3. WHAT ARE MY CHANCES OF AVOIDING A CONVICTION?
To fully assess your risk of being convicted at trial, the attorney you chose will need to review all the facts and circumstances involved in your case. However, he or she should still be able to provide a preliminary assessment based on his or her experience in similar cases. At Campola Law, we will provide an assessment to you during your initial consultation.
5. BE PREPARED TO GIVE YOUR SIDE OF EVENTS
Telling your side of the story is critical to any evaluation of your case. For an attorney to stand up in court and argue your case, they must know you and your version of the events. An experienced defense attorney will ask you to do 'homework' for your case. This homework will consist of writing down important information that pertains to your case.
You need to explain in detail what happened that lead to your arrest. You will need to also tell the law firm about your social background, as well as provide a list of character witnesses who can attest to your good character.
Finally, you will be asked to provide a list of potential witnesses that might assist your defense. If you complete your homework, the chance of receiving a positive outcome in your case increases drastically. You should not hire a law firm that does not ask you to prepare homework for your case.
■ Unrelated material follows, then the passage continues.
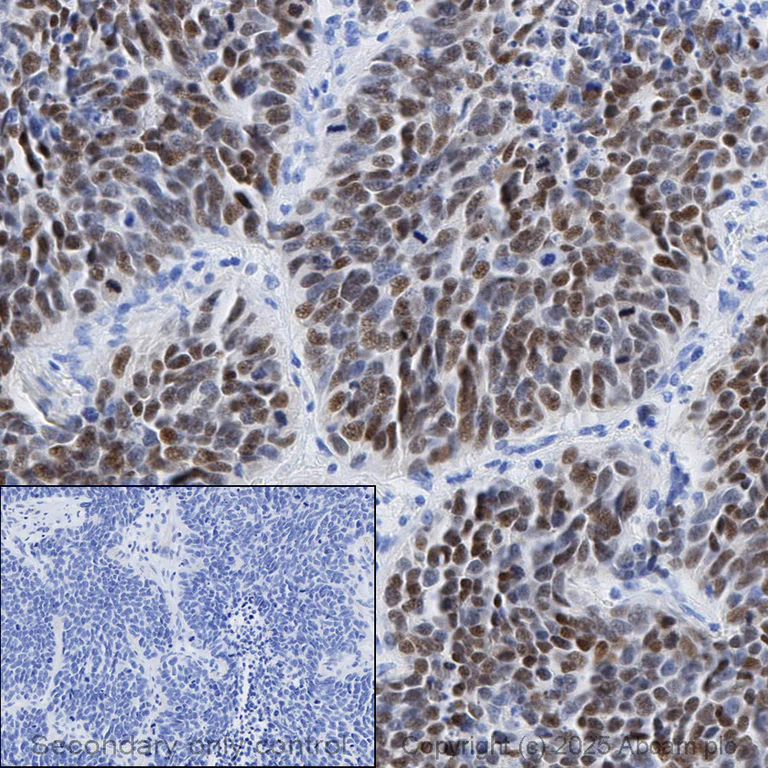Anti-MASH1/Achaete-scute homolog 1 antibody [EPR19840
An experienced attorney can provide an idea of your options and potential outcomes in your case. It’s important that you provide a complete and detailed account of your case and related events. If you don’t, your attorney won’t be able to provide accurate potential outcomes in your case. It’s recommended that when you come for your initial consultation, that you bring all information and documents related to your case. This will help your attorney understand your case better and assist when them when advocating for you with the judge and prosecutor.
At Campola Law, we ask you for this information at your initial appointment.
7. HOW AND HOW OFTEN WILL WE COMMUNICATE?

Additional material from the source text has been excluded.